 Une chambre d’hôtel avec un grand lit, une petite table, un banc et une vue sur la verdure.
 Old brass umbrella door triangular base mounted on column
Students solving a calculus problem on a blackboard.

=======

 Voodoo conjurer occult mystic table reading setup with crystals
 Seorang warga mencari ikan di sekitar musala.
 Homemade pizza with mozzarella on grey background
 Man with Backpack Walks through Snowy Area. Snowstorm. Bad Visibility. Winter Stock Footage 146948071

=======

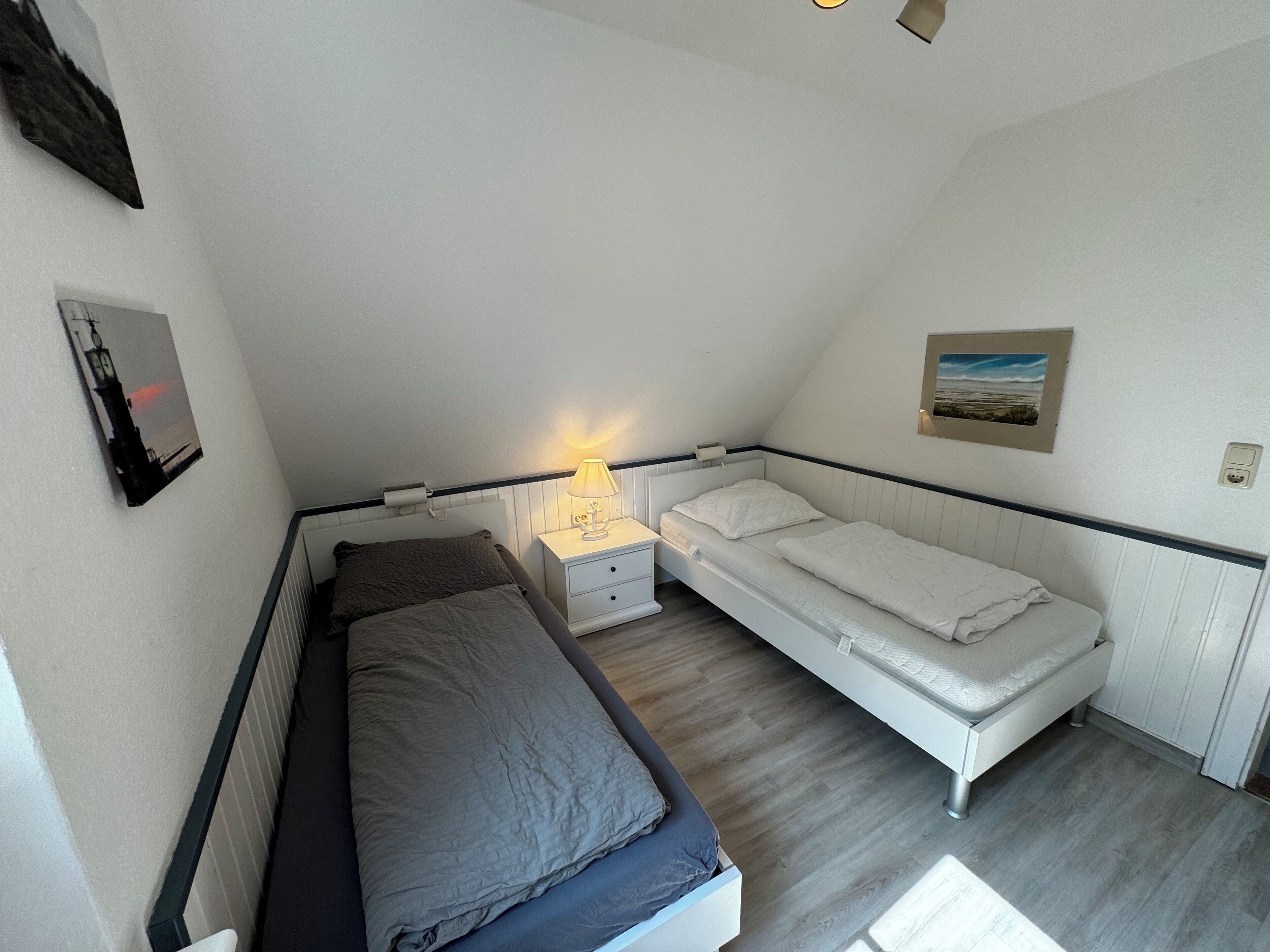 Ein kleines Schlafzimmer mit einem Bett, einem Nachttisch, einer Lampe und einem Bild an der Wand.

=======

### PROBLEM
Each line in the listing above from the one containing "Old brass umbrella" through the one containing "Students solving a" should be repeated exactly, and no other line.

### SOLUTION FOR THIS EXERCISE
 Old brass umbrella door triangular base mounted on column
Students solving a calculus problem on a blackboard.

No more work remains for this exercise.